The Miami Foreclosure Factory: Part 1
Huddled in their tiny cubicles, hundreds of "vice presidents" churn out a quota minimum of Miami foreclosure documents every single day - 10 is generally the minimum.
Our Miami foreclosure attorneys know how complicated the foreclosure process can be - and at that rate, there are bound to be a host of mistakes, any one of which could wrongly force someone from their home.
A recent article by a senior producer at MSNBC offered a rare, inside look into these so-called "foreclosure factories," particularly at Wells-Fargo, although we know the same general practices are prevalent at each of the major banking institutions. Here, in the first of two Miami Foreclosure Lawyer blogs on the expose, we're going to break down what this report revealed, and what it means for you.

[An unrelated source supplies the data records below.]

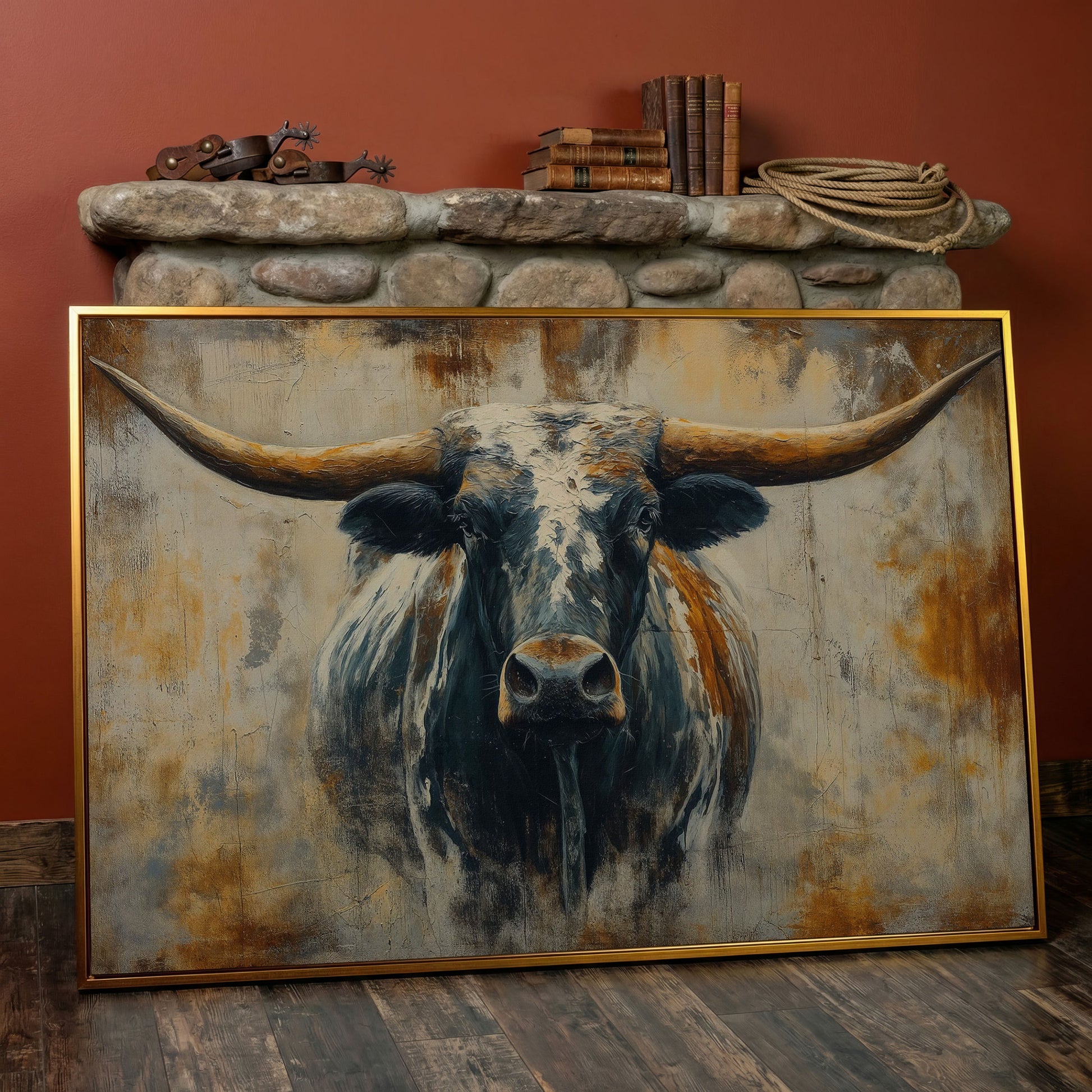 Longhorn Bull Portrait Canvas Wall Art, Western Ranch Decor in antique gold floating frame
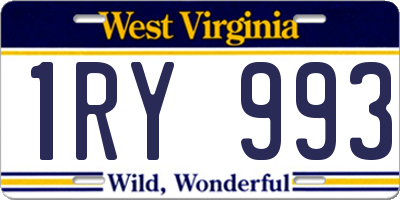 WV license plate 1RY993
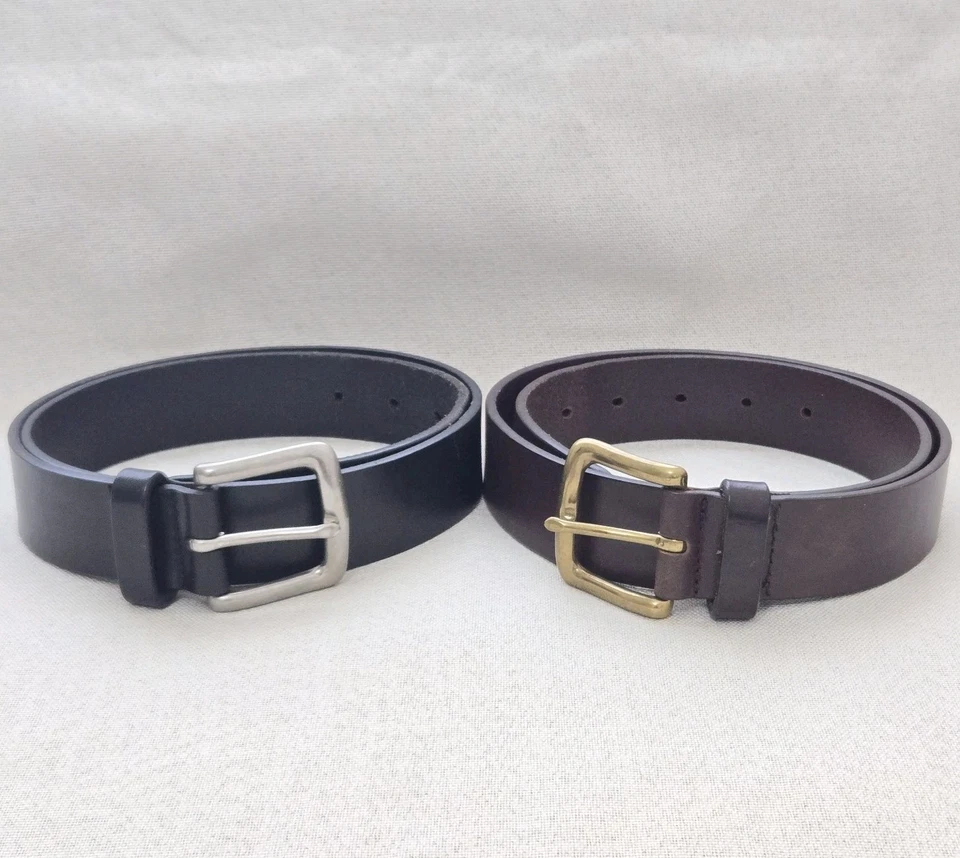 Lauren Ralph Lauren皮带2件女式中号棕色和黑色皮革波西米亚时尚 — 第 1/4 张图片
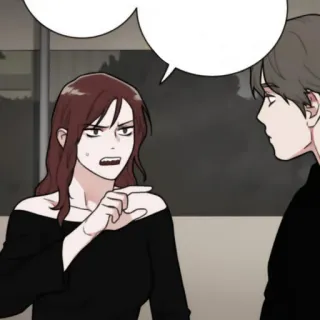 ✖️ Anime, Zły, Para, Kobieta, Mężczyzna telegram sticker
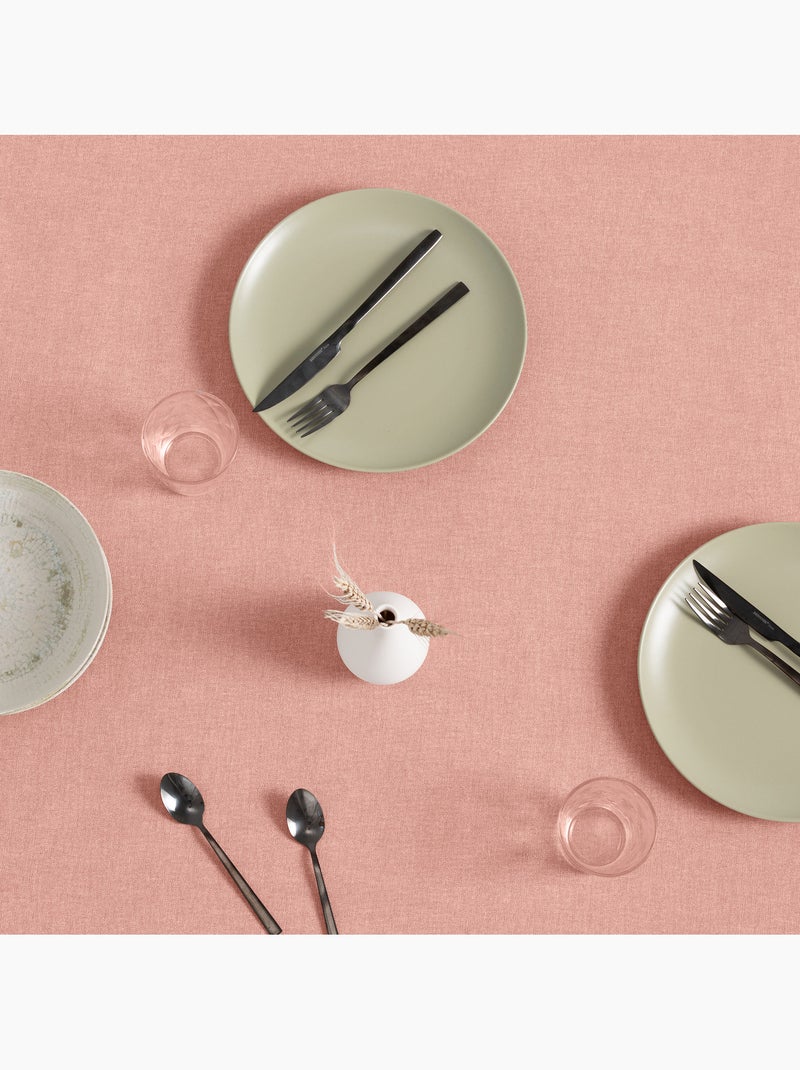 Toalha de mesa antinódoas de algodão, lisa e mesclada, com caimento natural - Gamusi. Salmão - Kiabi
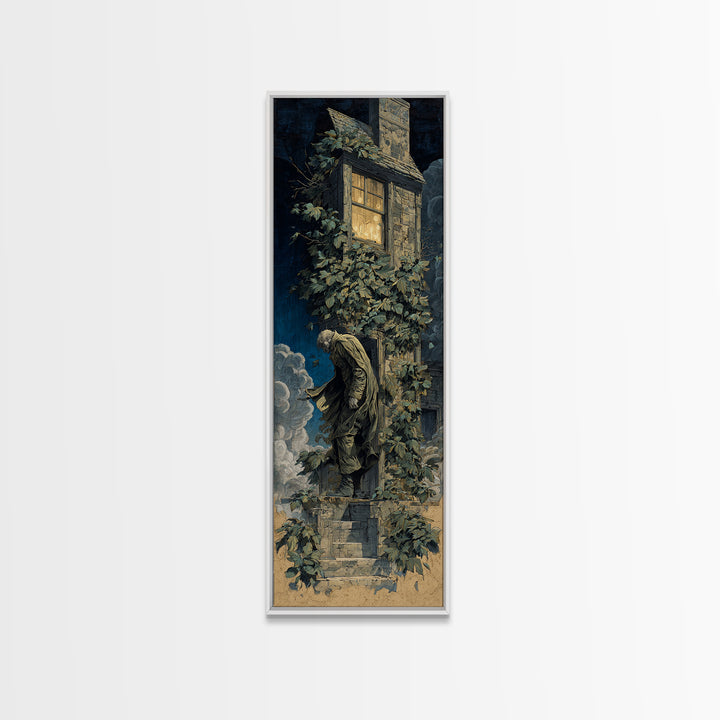 The Haunted Manor, Gothic Nightmare Art, Tall Narrow Wall Art, Gothic Horror Wall Art, Framed Canvas Print, Halloween Wall Art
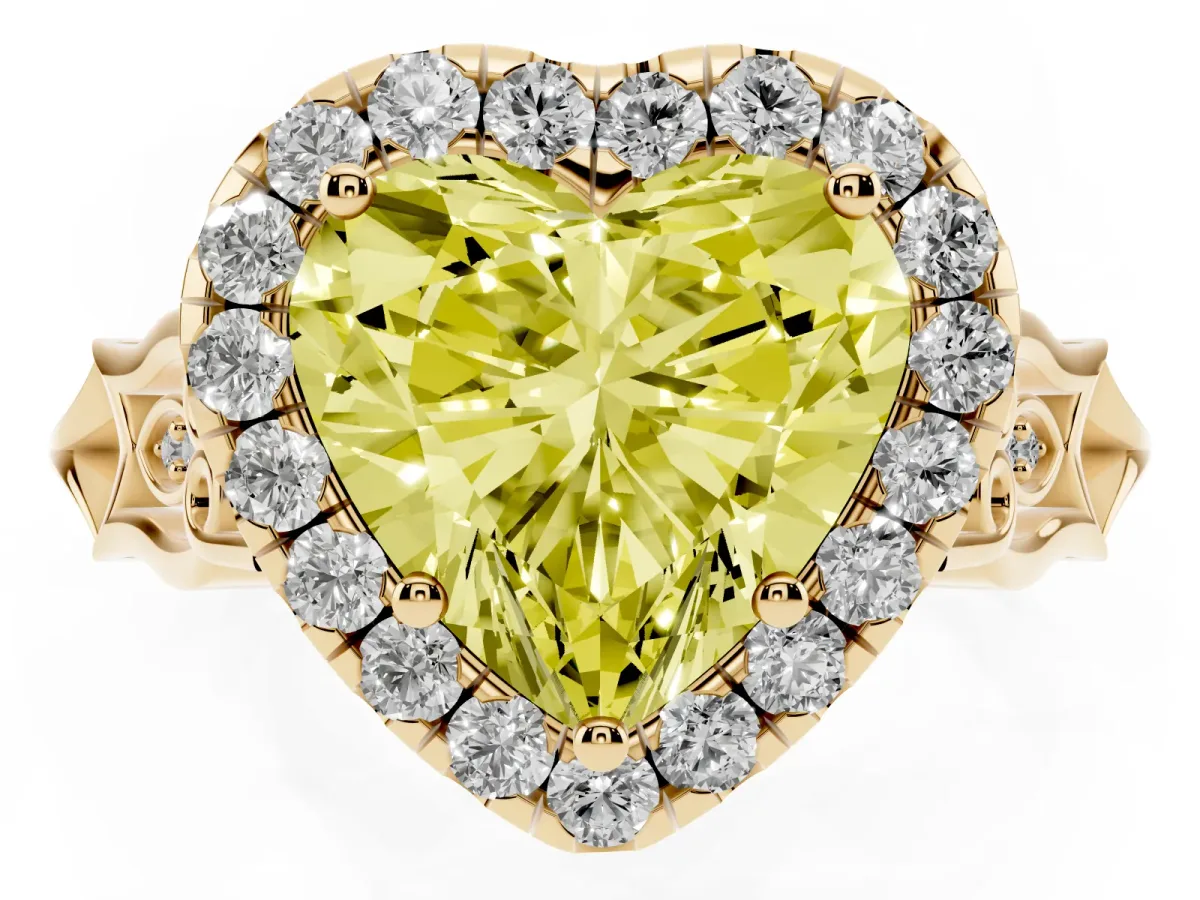 Fancy Yellow Heart Cut Halo Diamond Engagement Ring with Filigree Band and Four-Prong Setting Yellow gold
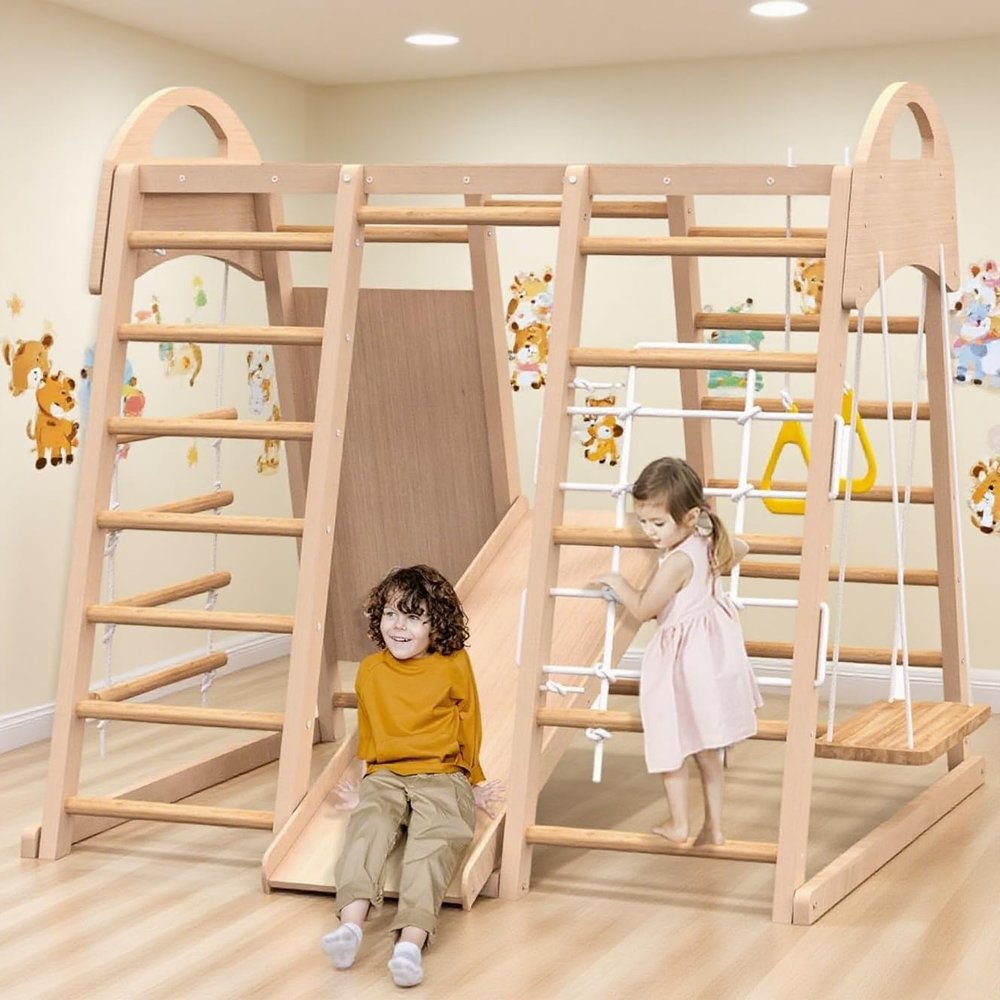 Indoor Playground, Wooden Indoor Jungle Gym for Kids, Toddler Climbing Toys with Stair Slide Swing Set Monkey Bars, Gym Equipment for Backyard, Outdoor Playset for Kids Aged 3-8 (9-in-1)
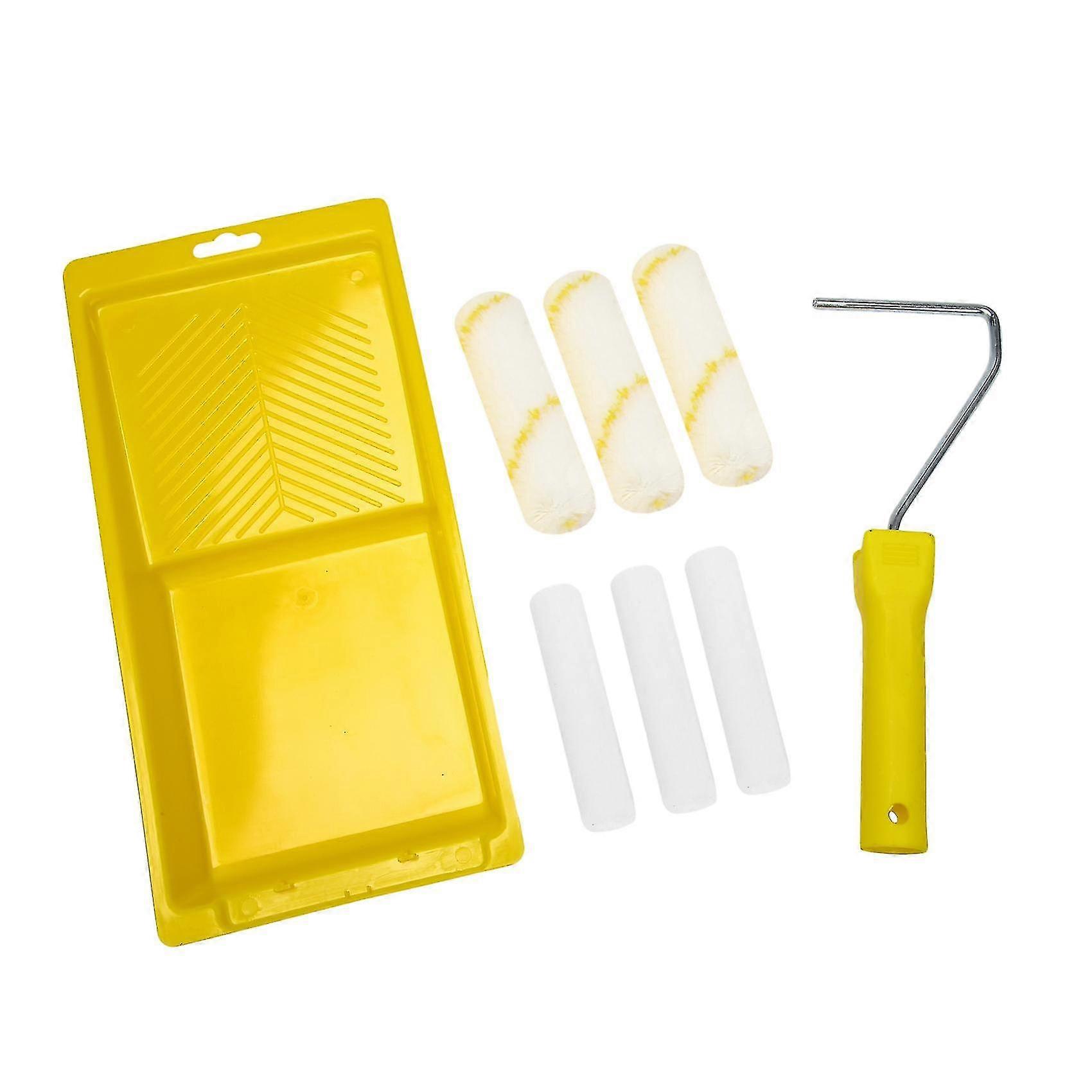 8pcs Foam Paint Roller Tray Set 4-inch Mini Roller Cover Refills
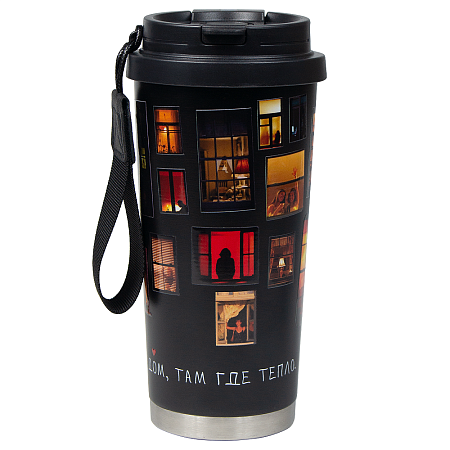 Термокружка Cosmostar металлическая Print Sample "Дом", 550 мл, черная с серебром в тубусе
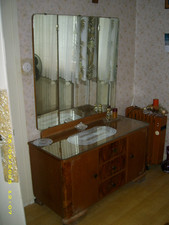 Waschtisch - Kommode mit 3-teiligem Spiegel , ca. 1950 , antik !
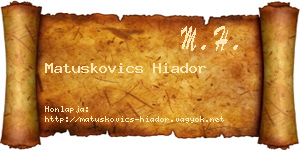 Matuskovics Hiador névjegykártya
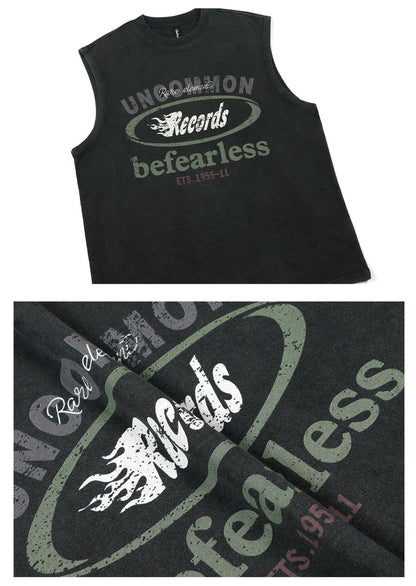 Letter Print Sleeveless T-Shirt WN26211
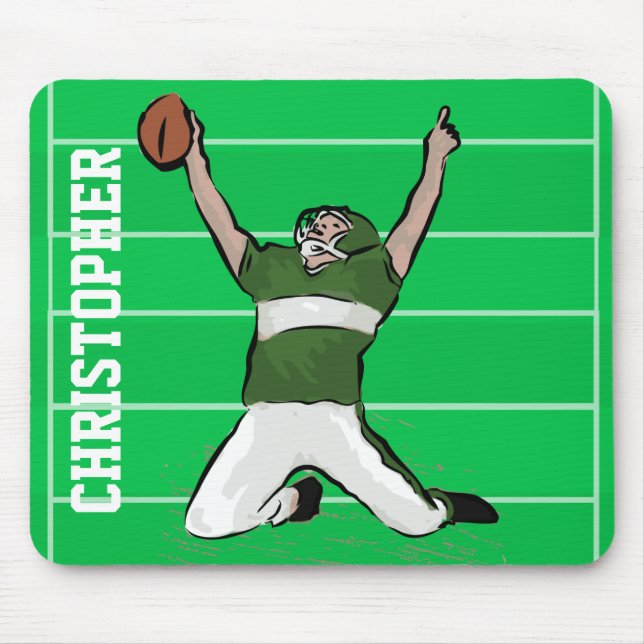 Tapis De Souris Vert et blanc faits sur commande de touchdown de (Devant)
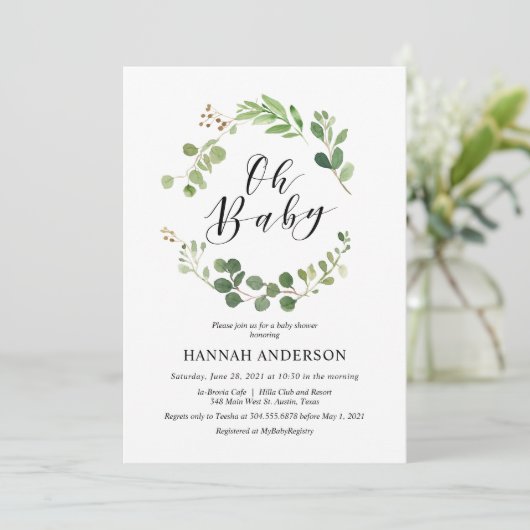 Greenery Oh Baby shower Modern Script Kaart (Staand voorkant)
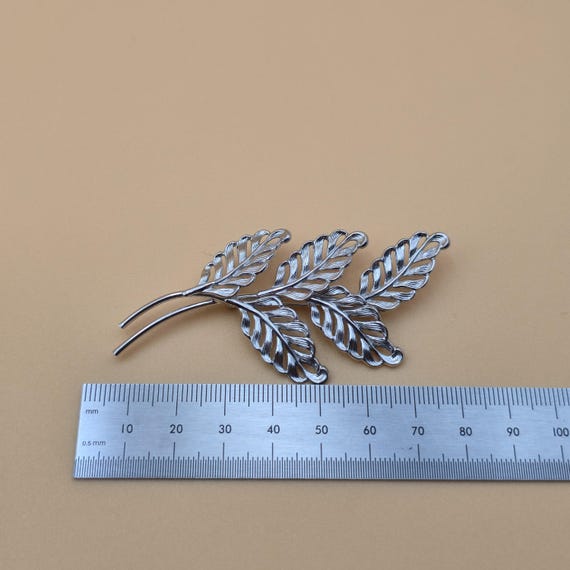 Sterling Silver Large Five Leaf Double Branch Pin… - image 6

The news agency started investigating deeper after one of these Wells-Fargo "vice presidents" contacted a reporter there, saying that she was horrified at the ongoing practices within the bank. She still works there, so her comments were all under the cloak of anonymity, but her statements were backed by numerous internal memos, e-mails and faxes.
According to her, the loan modifications of many families - those left in a deeply precarious financial situation following the burst of the housing bubble - were denied after merely cursory reviews. In other cases, borrowers who were trying to get a break on their underwater home mortgages were sending highly-detailed and extremely sensitive financial information to the bank - to a fax that no one had checked for weeks. In other cases, customers were falling into foreclosure for owing paltry interest payments - sometimes as astonishingly little as $1.20.
There is precious little that shocks our Miami foreclosure attorneys anymore when it comes to the egregious actions of these large banking institutions. But it's infuriating to know that it's still happening - even after widespread enforcement actions last year by the country's most powerful banking regulators and then a recent $25 billion settlement among the nation's five biggest banks and 49 states attorneys general, which was specifically aimed at wrongful foreclosure problems attributed to employees attesting to facts of which they had no firsthand knowledge.
While banks say that these wrongful foreclosures are less likely to happen, if the paperwork is never challenged in court by an experienced Miami foreclosure attorney, there is absolutely no way a homeowner would know whether a mistake was made - or even if the bank had legally proven that it was the owner of the loan and had foreclosure rights.
While regulatory investigators back in 2010 reported that Wells-Fargo's document processors were regularly signing off on affidavits containing facts they had no personal knowledge of, the banks have insisted things are better. Those who work there, however, tell a different story.
Not only do they not have personal knowledge of the facts in the documents, the internal system is specifically designed so they can't have that knowledge. In fact, they are copying-and-pasting information in a manner that would suggest that rather than the "vice president" titles they own, they are merely data entry clerks.